No medical necessity
The prevailing attitude is that parents need to weigh the pros and cons and decide what’s right for their son. But the very act of trying to decide whether to circumcise your boy is telling. It tells us, very clearly, that circumcision is not necessary. After all, there is no major medical organization that recommends routine male circumcision.
No prophylactic necessity
Some argue, based largely on three studies run in Africa, that circumcision lessens the spread of HIV/AIDS. These studies and many like them have plenty of critics. Further, given the huge differences between the West and much of Africa (HIV/AIDS being an epidemic and a humanitarian crisis in the latter but not the former), these findings don’t apply to the West. Other studies have found contradictory results, and it’s important to note that the rates of both HIV/AIDS and circumcision tend to be lower in Europe than in North America, further calling into question the African findings.
Others have argued that circumcision lowers the likelihood of penile cancer and urinary tract infections. However, the American Cancer Society states that “Most experts agree that circumcision should not be recommended solely as a way to prevent penile cancer” (which has a yearly 1-in-100,000 incidence), not surprising given that it doesn’t recommend pre-removing breasts to prevent breast cancer (1-in-8). If we found out that removing an earlobe at birth would lower the risk of cancer on the ear (fewer skin cells available to become cancerous), we wouldn’t start removing infant earlobes. And urinary tract and other infections can occur either way, are easily treated with antibiotics, and occur far more often in girls, whom we don’t circumcise.

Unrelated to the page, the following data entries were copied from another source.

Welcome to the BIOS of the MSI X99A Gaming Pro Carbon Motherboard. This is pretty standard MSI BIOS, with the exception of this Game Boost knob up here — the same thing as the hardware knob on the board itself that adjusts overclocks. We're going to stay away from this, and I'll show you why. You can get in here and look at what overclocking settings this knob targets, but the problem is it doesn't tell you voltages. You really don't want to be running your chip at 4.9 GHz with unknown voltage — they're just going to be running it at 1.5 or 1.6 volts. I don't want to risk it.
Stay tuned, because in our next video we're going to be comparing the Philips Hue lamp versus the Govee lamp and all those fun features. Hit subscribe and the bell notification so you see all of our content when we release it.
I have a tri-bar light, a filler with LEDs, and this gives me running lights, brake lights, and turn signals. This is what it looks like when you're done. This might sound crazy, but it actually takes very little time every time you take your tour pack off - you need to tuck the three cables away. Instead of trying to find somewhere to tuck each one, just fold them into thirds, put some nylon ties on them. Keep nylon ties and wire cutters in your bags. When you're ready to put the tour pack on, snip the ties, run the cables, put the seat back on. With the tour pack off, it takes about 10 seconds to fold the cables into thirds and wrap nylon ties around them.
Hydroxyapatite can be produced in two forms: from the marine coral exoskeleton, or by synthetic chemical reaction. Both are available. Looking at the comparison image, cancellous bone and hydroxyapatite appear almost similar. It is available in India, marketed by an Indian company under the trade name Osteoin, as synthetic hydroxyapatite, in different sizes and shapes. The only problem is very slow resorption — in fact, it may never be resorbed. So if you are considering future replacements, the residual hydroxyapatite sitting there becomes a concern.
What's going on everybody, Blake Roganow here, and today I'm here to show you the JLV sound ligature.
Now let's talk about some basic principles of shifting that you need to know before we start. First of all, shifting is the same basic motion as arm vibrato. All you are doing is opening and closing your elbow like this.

The female exemption, circumcision risks, and the role of the foreskin
This brings up another point: Our culture is rightly disgusted by the thought of doing this to baby girls even though similar justifications for the practice can be made. There is no reason circumcision should persist for baby boys when there are still more reasons it ought to be done away with.

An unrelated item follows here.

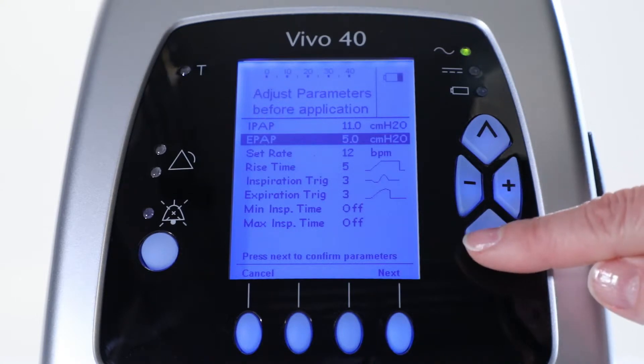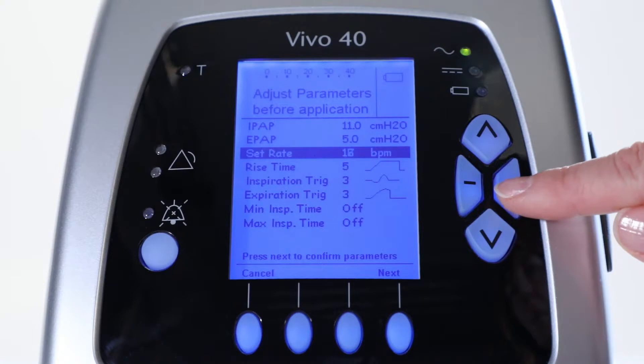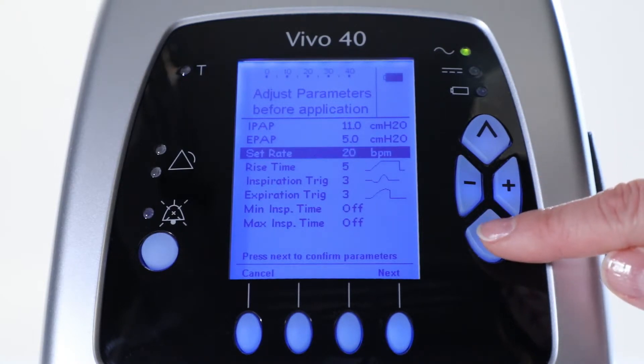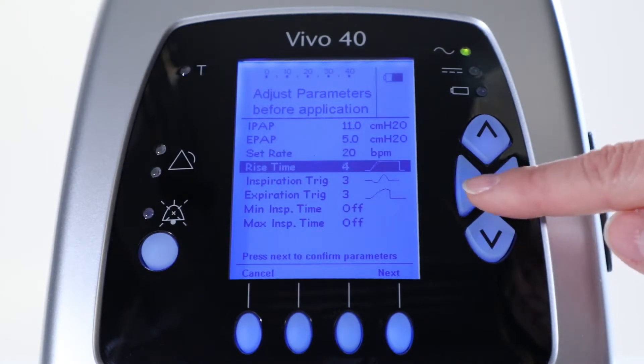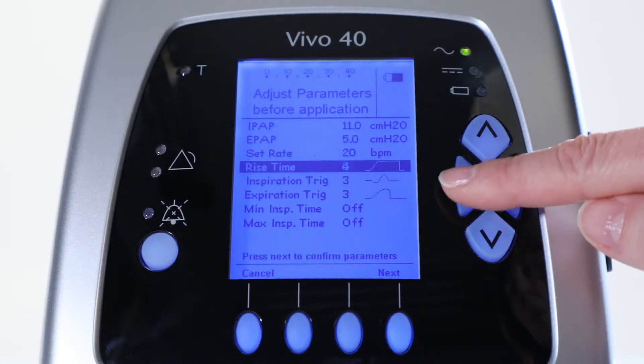Furthermore, you select the set rate and adjust it to 20 breaths per minute. Then, you select the rise time to increase the peak flow when the air is delivered to the patient. To set the fastest, choose 1.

First, and most obvious, cutting a body part from an infant is going to cause pain and trauma. Second, there are grisly instances of botched circumcisions. Third, the foreskin plays important roles. It keeps the tip of the penis from drying and calcifying, and it creates what’s called sexual gliding, which is responsible for a particular sensation during intercourse and which can stand in for lubrication when there’s vaginal dryness.
That leaves us with little more than mere cosmetic reasons to circumcise. Like other cosmetic body-altering procedures, like tattoos and piercings, the decision would best be left to your son.
Primitive origins
So, really, why do we circumcise at all? The reasons have changed over time. Today, other than the obvious religious and general social-norm traditions, most parents seem to do it for cosmetic or hygienic reasons. Smegma (which plays many useful roles) can build up at the tip of the penis when it isn’t cleaned, like sweat in armpits, and wax in ears. A much less drastic solution here is the same as for armpits and ears: teaching your boy how to clean himself.
Circumcision has also been recommended as a way to lessen sexual sensation thereby discouraging masturbation. The idea was that with a huge chunk of the penis removed, resulting in millions of missing nerve endings on the sexual organ, sensation would be significantly reduced, which is simply another reason to avoid foreskin removal.
Circumcision’s ultimate origins are various. Over millennia it has represented many things to many cultures, and seems to have its roots in the unpleasant practice of ancient blood sacrifice. This brings up perhaps the best reason not to circumcise your baby boy, and why the practice should eventually be illegal: Alas, if it weren’t for ancient blood sacrifice, we would never have heard of routine circumcision, and we wouldn’t even be having this debate.